Wer auf dem Center Court ein Finale erreicht, hat vieles richtig gemacht. Wer Olympiasieger wird, alles! Für Alexander Zverev dürfte die Reise nach Tokio einen Wendepunkt seiner wechselhaften Tennis-Karriere bedeuten.

Tokio 2020 - Olympia Alexander Zverev
Fokussiert: Alexander Zverev im Finale des olympischen TurniersBild: Marijan Murat/dpa/picture alliance

Einerseits: Den deutschen Tennis-Profi Alexander "Sascha" Zverev hat man noch nie so gesehen wie nach seinem gewonnenen Spiel gegen den hohen Favoriten und Weltranglisten-Ersten Novak Djokovic bei den Olympischen Spielen in Tokio. Er kauerte auf dem Platz, nahm die Hand vor Augen und verdrückte auch ein paar Tränen. Sich gegen den starken Djokovic derart zusammenzunehmen, hatte den 24-Jährigen nicht nur körperlich Kraft gekostet. "Das hat aber hoffentlich niemand gesehen", sagte er hinterher, um Fassung bemüht. Doch, haben alle gesehen, die Tränen. Und es war gut so. 

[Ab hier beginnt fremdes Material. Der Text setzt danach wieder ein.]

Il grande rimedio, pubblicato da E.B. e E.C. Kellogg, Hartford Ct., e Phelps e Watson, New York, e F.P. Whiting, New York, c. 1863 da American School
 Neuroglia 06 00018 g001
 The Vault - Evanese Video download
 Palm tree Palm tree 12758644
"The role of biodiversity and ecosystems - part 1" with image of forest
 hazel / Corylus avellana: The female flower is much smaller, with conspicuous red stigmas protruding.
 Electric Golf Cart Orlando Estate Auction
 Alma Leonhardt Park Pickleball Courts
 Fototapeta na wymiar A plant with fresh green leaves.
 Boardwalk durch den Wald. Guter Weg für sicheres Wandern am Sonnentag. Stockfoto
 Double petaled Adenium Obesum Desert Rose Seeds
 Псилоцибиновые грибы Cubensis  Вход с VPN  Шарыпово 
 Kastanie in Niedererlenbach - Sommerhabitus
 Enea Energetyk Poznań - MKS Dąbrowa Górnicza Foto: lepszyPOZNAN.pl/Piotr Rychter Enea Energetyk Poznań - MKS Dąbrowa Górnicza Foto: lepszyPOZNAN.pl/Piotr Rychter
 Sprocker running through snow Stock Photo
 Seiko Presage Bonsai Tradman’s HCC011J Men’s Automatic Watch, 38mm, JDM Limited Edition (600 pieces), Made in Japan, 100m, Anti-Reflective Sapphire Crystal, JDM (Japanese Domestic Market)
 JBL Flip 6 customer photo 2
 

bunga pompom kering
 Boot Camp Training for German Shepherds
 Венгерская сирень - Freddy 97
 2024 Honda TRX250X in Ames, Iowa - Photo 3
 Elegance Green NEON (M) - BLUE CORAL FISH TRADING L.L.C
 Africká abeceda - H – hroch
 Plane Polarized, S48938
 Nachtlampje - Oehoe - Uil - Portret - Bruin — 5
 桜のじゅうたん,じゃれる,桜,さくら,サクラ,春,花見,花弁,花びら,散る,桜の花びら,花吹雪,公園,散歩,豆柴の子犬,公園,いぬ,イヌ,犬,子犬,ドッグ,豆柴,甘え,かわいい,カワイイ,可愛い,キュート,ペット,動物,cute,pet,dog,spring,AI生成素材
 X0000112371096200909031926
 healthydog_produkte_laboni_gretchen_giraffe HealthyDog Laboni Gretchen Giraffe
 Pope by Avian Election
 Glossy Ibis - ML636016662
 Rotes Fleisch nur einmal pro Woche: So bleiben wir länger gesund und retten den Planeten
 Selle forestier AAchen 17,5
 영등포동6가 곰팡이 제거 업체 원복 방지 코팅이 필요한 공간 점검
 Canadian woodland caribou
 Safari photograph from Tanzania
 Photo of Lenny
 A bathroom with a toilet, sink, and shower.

Andererseits: Beobachter hatten schon mehrfach den Eindruck, dass der Hamburger vor dem großen Durchbruch stünde. Da war der Sieg beim ATP-Finale in London im Jahr 2018, als er Großmeister Novak Djokovic im Finale alt aussehen ließ. Da war aber auch das Finale bei den US Open im vergangenen Jahr, das Zverev gegen Dominic Thiem verlor. Manche der Tennis-Fans murmelten dann etwas von: "Wieder nichts mit dem Grand-Slam-Sieg".  

Doch wie schon bei Djokovic war auch der Verlauf des olympischen Endspiels gegen den Russen Karen Katschanow ein Statement. 6:3, 6:1 in einer Stunde und 19 Minuten! In diesen Tagen im Ariake Tennis Park von Tokio konnte man sehr präzise ausmachen, dass sich bei dem besten deutschen Spieler gegenwärtig etwas positiv verändert. Warum es geklappt hat mit Gold. Sieben Punkte - das siebte Spiel hat im Tennis ja seine eigene, oft entscheidende Bedeutung - werden dem Mann auf dem weiteren Weg nach ganz oben helfen.

1. Der Aufschlag

Zverev, der Jüngere (sein Bruder Mischa ist ja auch noch auf der Tour unterwegs) ist groß gewachsen. 198 Zentimeter Körpergröße kann der Rechtshänder in einen schnellen, krachenden Aufschlag verwandeln, mit dem er schnelle Punkte macht. Inzwischen ist seine Suche nach Varianten auch erfolgreicher als in den vergangenen Monaten, als ihm das Service oft im Stich ließ, als er Doppelfehler servierte oder beim zweiten Aufschlag verunsichert viel Speed herausnahm. 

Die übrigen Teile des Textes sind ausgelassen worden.